### To do
Line by line, copy the records below exactly and leave the pictures out.

[Opening Given information section]

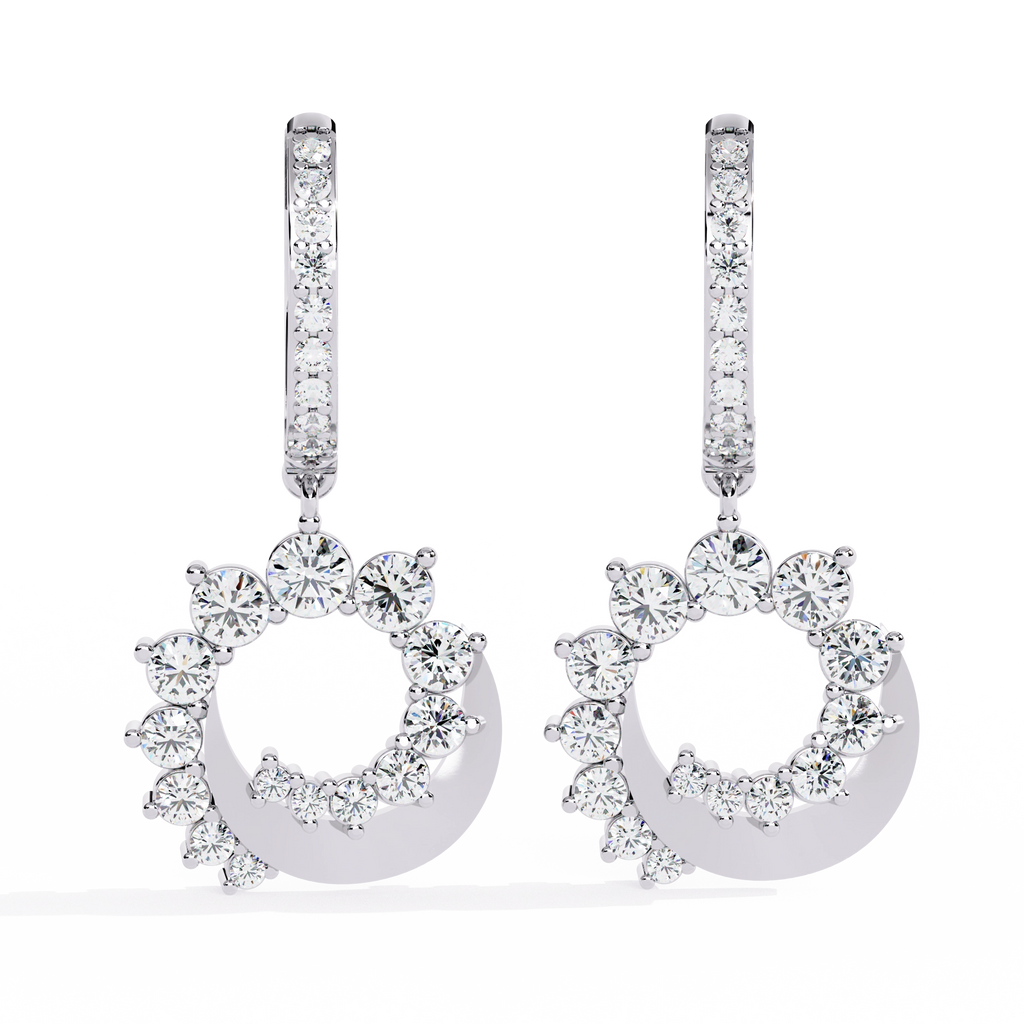 Circle Charm Drop Earrings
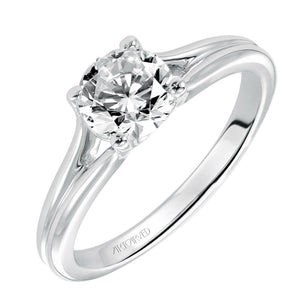 Artcarved Bridal Mounted with CZ Center Classic Solitaire Engagement Ring Lana 14K White Gold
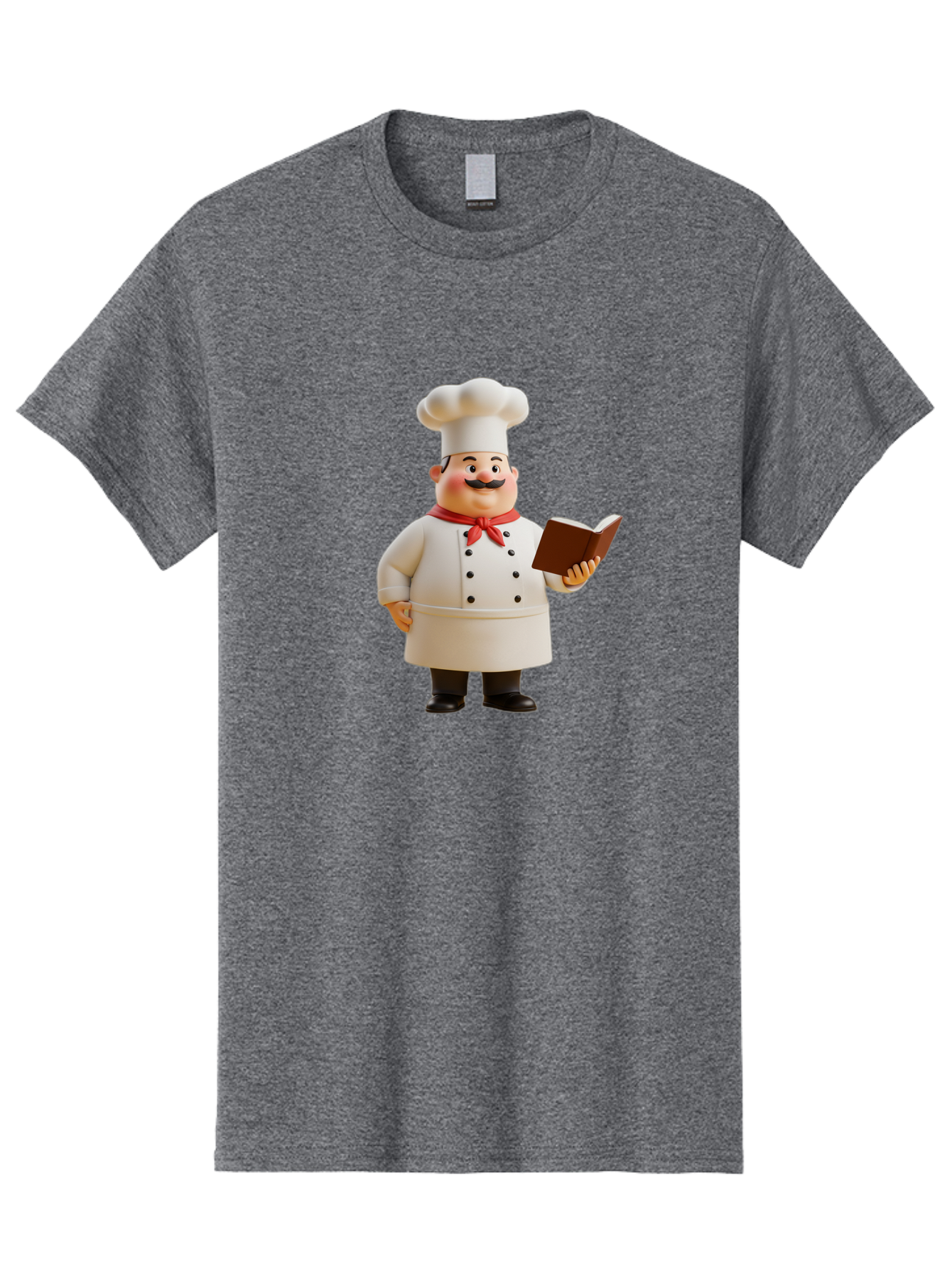 Chef-Figurine-2 Men'S Graphic Tee, 100% Cotton, Comfortable Casual Summer Wear, Machine Washable, Chef Hat, Chef Jacket, Red Neckerchief, Cookbook, Recipe Book, Chef Character, Cartoon Chef, Mustached Man, Cooking Attire, Culinary Expert Bac824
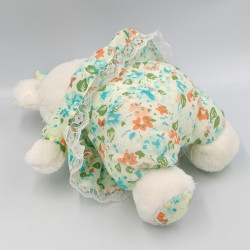 Ancienne peluche couple de souris blanc vert bleu fleurs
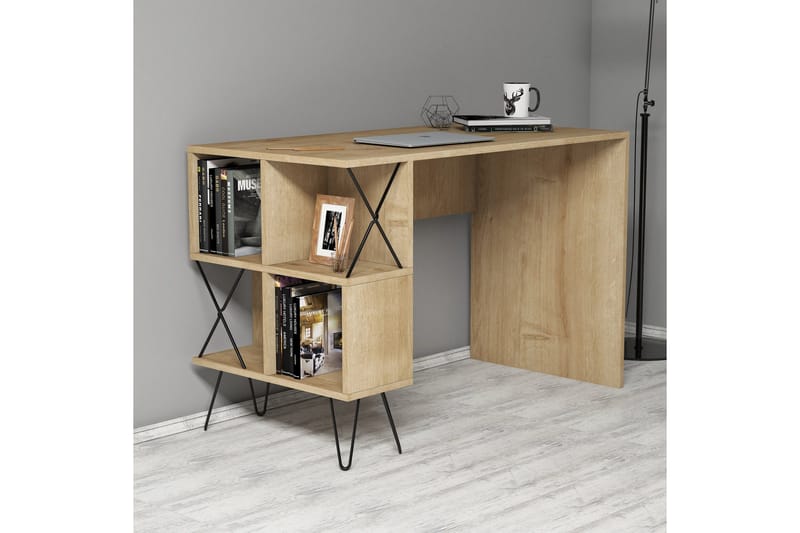 Kirjoituspöytä Amtorp 120 cm Säilytyksellä Hylly+Kirjahylly - Ruskea/Tammi - Huonekalut - Pöytä & ruokailuryhmä - Työpöytä - Kirjoituspöytä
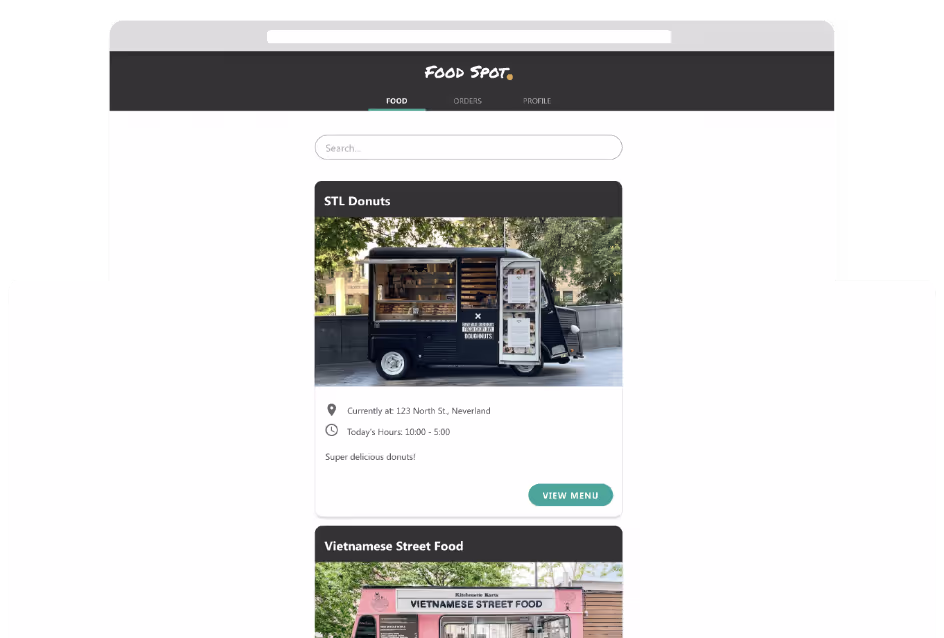 Адаптивное приложение для заказа еды, созданное с помощью Adalo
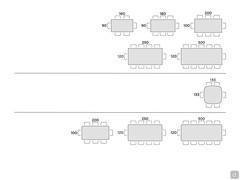 Tavolo Double con piano in gres - Schema posti tavolo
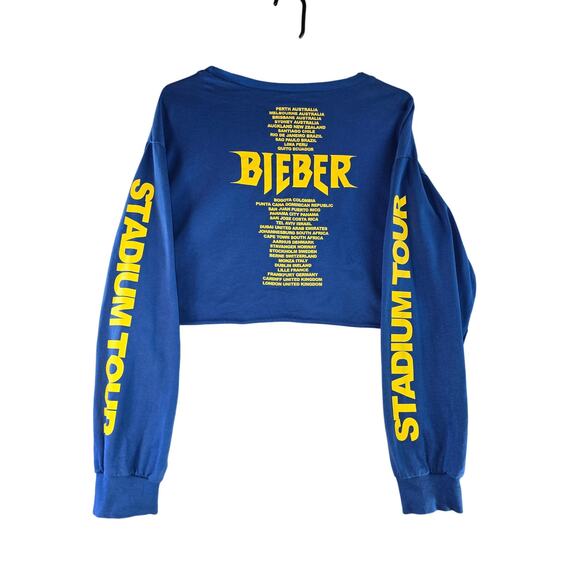 Justin Bieber Stadium Purpose World Tour 2027 Blue Women's Crop Top Size M - Picture 2 of 11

[Closing Given information section]

### Solution to this problem
 Circle Charm Drop Earrings
 Artcarved Bridal Mounted with CZ Center Classic Solitaire Engagement Ring Lana 14K White Gold
 Chef-Figurine-2 Men'S Graphic Tee, 100% Cotton, Comfortable Casual Summer Wear, Machine Washable, Chef Hat, Chef Jacket, Red Neckerchief, Cookbook, Recipe Book, Chef Character, Cartoon Chef, Mustached Man, Cooking Attire, Culinary Expert Bac824
 Ancienne peluche couple de souris blanc vert bleu fleurs
 Kirjoituspöytä Amtorp 120 cm Säilytyksellä Hylly+Kirjahylly - Ruskea/Tammi - Huonekalut - Pöytä & ruokailuryhmä - Työpöytä - Kirjoituspöytä
 Адаптивное приложение для заказа еды, созданное с помощью Adalo
 Tavolo Double con piano in gres - Schema posti tavolo
 Justin Bieber Stadium Purpose World Tour 2027 Blue Women's Crop Top Size M - Picture 2 of 11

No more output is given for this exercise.